(YOUR GOAL):
Every entry must be given again exactly. Include no pictures.

Stored data entries:
^^^^
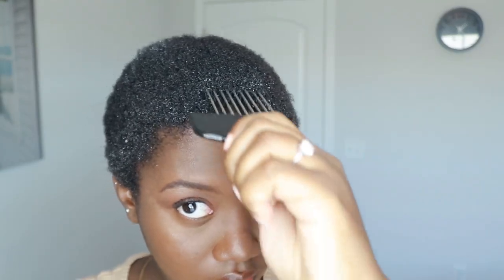Then I go in with my broken pick. Once my hair is nice and detangled, if I want my hair to be dry, I'll go in with a blow dryer on the low setting and also on the lowest heat setting.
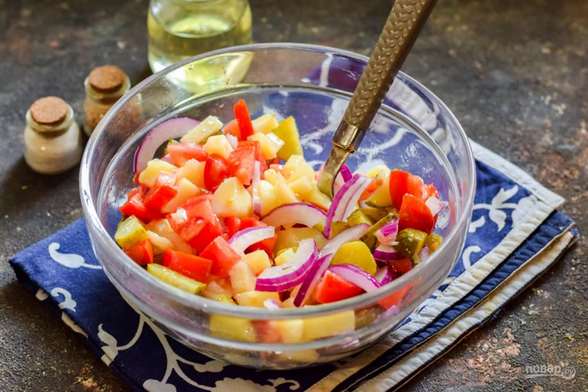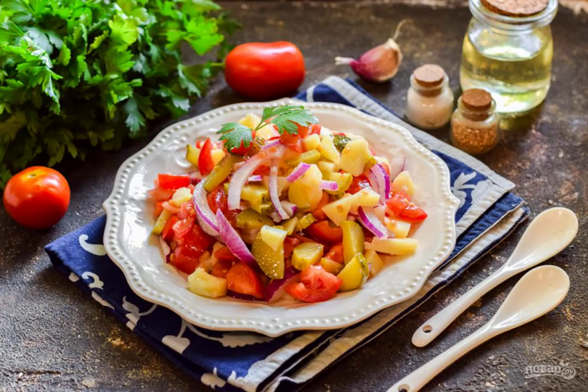Season the salad with oil and add salt and ground pepper. Mix everything and serve it to the table. Bon appétit!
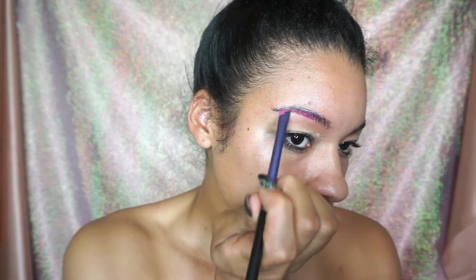Hi guys, welcome back to my channel! I'm so excited for this tutorial. We're priming our face with the NYX Shine Control primer and then we're going to jump into filling our eyebrows.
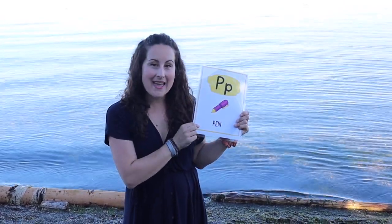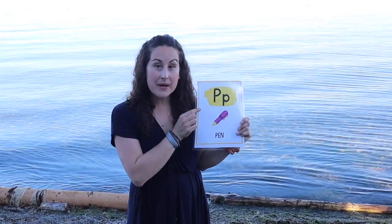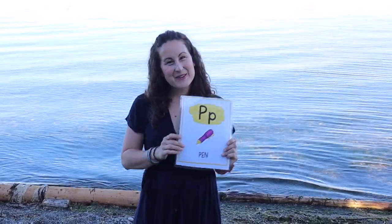Do you think you know the sound that P makes? When I say three, say the sound out loud. One, two, three — I heard it! You got it right. The sound is P. We don't want to say 'puh' — that's not the sound. It's a very short sound. Let's look at our letter card: P — pen. Say it with me: P, pen. Very good, great job everyone!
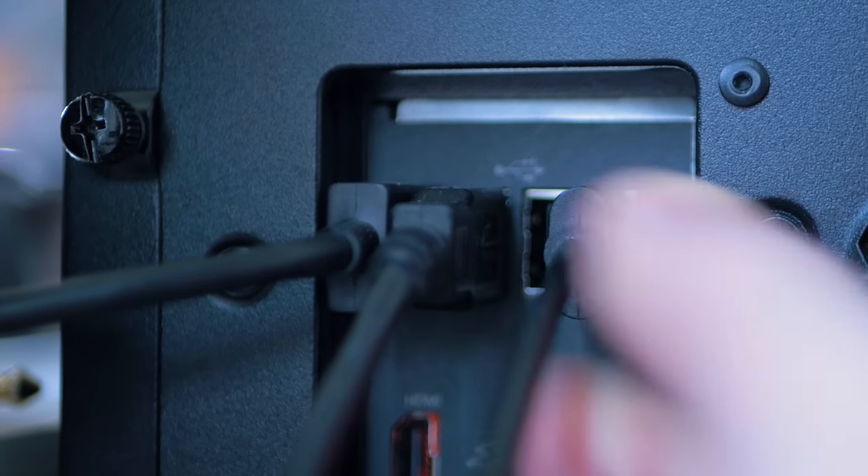A USB port should normally give enough power to feed the Babyface. It needs 700 milliamps but always try out different ports for best performance. In the Babyface manual there is a very clear, in-depth section on how to troubleshoot audio issues with USB ports.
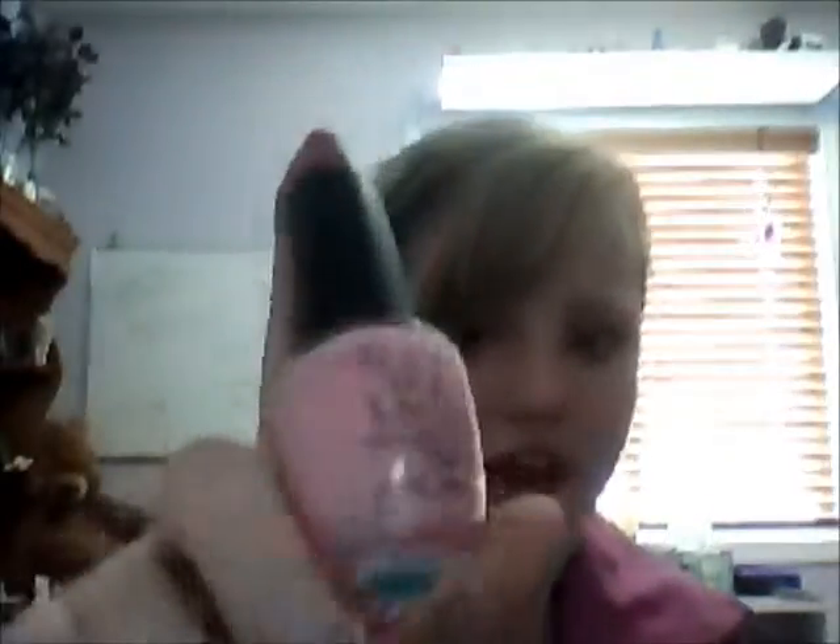I also like this OPI — I Think in Pink. It's another really light pink that I would probably wear for Easter. That was the season I was looking for.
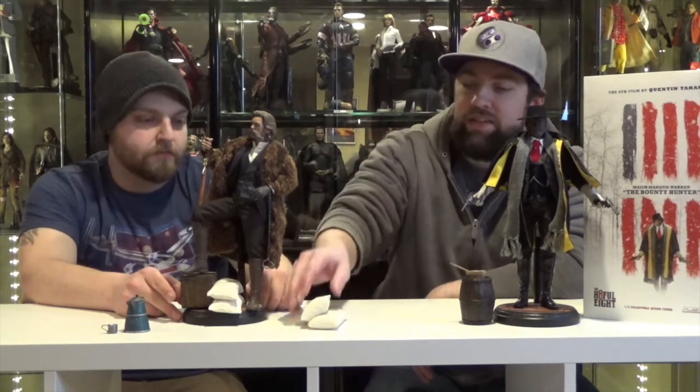Let's start with John Ruth, the Hangman — that is Kurt Russell's character. The accessories that they did were chosen very wisely. I think they did a good job. For those of you that haven't seen the movie, don't mind the coffee pot and the coffee cup. I thought it was cool, though — they got the coffee bags. Those actually look like little sandbags.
^^^^
(TASK OUTPUT):
Then I go in with my broken pick. Once my hair is nice and detangled, if I want my hair to be dry, I'll go in with a blow dryer on the low setting and also on the lowest heat setting.
Season the salad with oil and add salt and ground pepper. Mix everything and serve it to the table. Bon appétit!
Hi guys, welcome back to my channel! I'm so excited for this tutorial. We're priming our face with the NYX Shine Control primer and then we're going to jump into filling our eyebrows.
Do you think you know the sound that P makes? When I say three, say the sound out loud. One, two, three — I heard it! You got it right. The sound is P. We don't want to say 'puh' — that's not the sound. It's a very short sound. Let's look at our letter card: P — pen. Say it with me: P, pen. Very good, great job everyone!
A USB port should normally give enough power to feed the Babyface. It needs 700 milliamps but always try out different ports for best performance. In the Babyface manual there is a very clear, in-depth section on how to troubleshoot audio issues with USB ports.
I also like this OPI — I Think in Pink. It's another really light pink that I would probably wear for Easter. That was the season I was looking for.
Let's start with John Ruth, the Hangman — that is Kurt Russell's character. The accessories that they did were chosen very wisely. I think they did a good job. For those of you that haven't seen the movie, don't mind the coffee pot and the coffee cup. I thought it was cool, though — they got the coffee bags. Those actually look like little sandbags.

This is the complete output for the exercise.